Abstract : Epilepsy is a type of neurological disorder that causes abnormal brain activities and creates epileptic seizures.Traditionally epileptic seizure prediction is realized with a visual examination of Electroencephalogram (EEG) signals. But this technique needs a long time EEG monitoring. So, the automatic epileptic seizures prediction schemes become a requirement at this point. This study proposes a method to classify epileptic seizures and normal EEG data by utilizing the Intrinsic Time-scale Decomposition (ITD)-based features. The dataset has been supplied from the database of the Epileptology Department of Bonn University. It contains 5 data groups A, B, C, D, E. The study aims to classify healthy and epileptic data, so data of groups A and E are used to perform evaluations of proposed methods. The EEG data are decomposed into Proper Rotation Components (PRCs) by ITD. The feature extraction methods are applied to the first five PRCs of each EEG data from healthy and epileptic individuals. These features are classified using K-Nearest Neighbors (KNN), Linear Discriminant Analysis (LDA), Naïve Bayes, Support Vector Machine (SVM) and Logistic Regression classifiers.
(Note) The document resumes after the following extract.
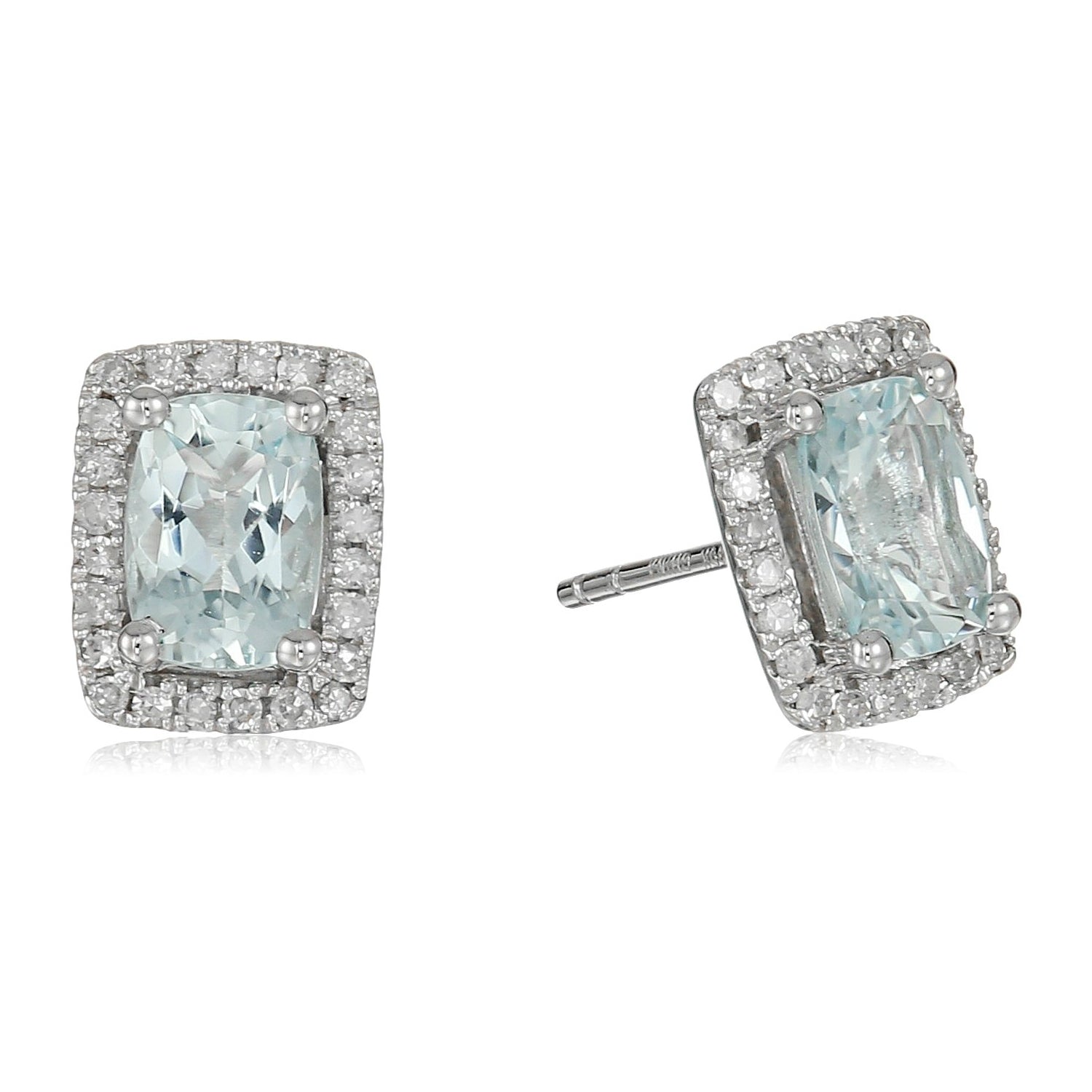 10k White Gold Aquamarine and Diamond Princess Diana Cushion Halo Stud Earrings (1/5cttw, H-I Color, I1-I2 Clarity) - pinctore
The results demonstrated that the epileptic data is differentiated from normal data by applying the nonlinear ITD with outstanding classification performance.
 EXISTING SYSTEM :
 ? In existing system classic spirometry and peak flow detectors are used but the output is a graphical representation to observe by the physician more complex. ? The combination of the normal and multi-channel EEG-based classifier system paves the way to promote the performance of seizure detection. ? The performance of the algorithm is measured by using a large dataset and the compound of the normal ECG and multi-channel EEG assist to bridge the caliber and time gap.
 DISADVANTAGE :
 ? The proposed method treats all seizure vocalizations as a single target event class, and models the seizure detection problem in terms of detecting the target vs non-target classes. ? In particular, CNN is among state of the art methods for rare sound event detection, which represents a similar type of problem as the seizure detection task. ? The disease imposes huge physical, psychological and social burdens on individuals and their families. Besides, epilepsy has a dramatic impact on the health care systems’ annual budgets.
 PROPOSED SYSTEM :
 ? The proposed system aims to build a compact real-time monitoring and managing device to detect and eliminate epileptic seizures. ? In Proposed system we use Blood Pressure, Temperature sensor and heart pulse sensor to detect brain waves activity and body temperature and heart rate and stores it in to cloud . ? Using Cloud Data we can use machine learning algorithm to predict epileptic seizures of patient .This system aims to protect life and also aids to live a healthy and normal life.
 ADVANTAGE :
 ? The various feature extraction methods, such as temporal, spectral, statistical, and nonlinear features, are utilized to obtain high-performance evaluations. ? The performance of the algorithm in biomedical signal processing studies is investigated, and it has been observed that high success. ? The performance of the system is insufficient for reliable independent monitoring, but the system provides a tool that reduces significantly the monitoring effort.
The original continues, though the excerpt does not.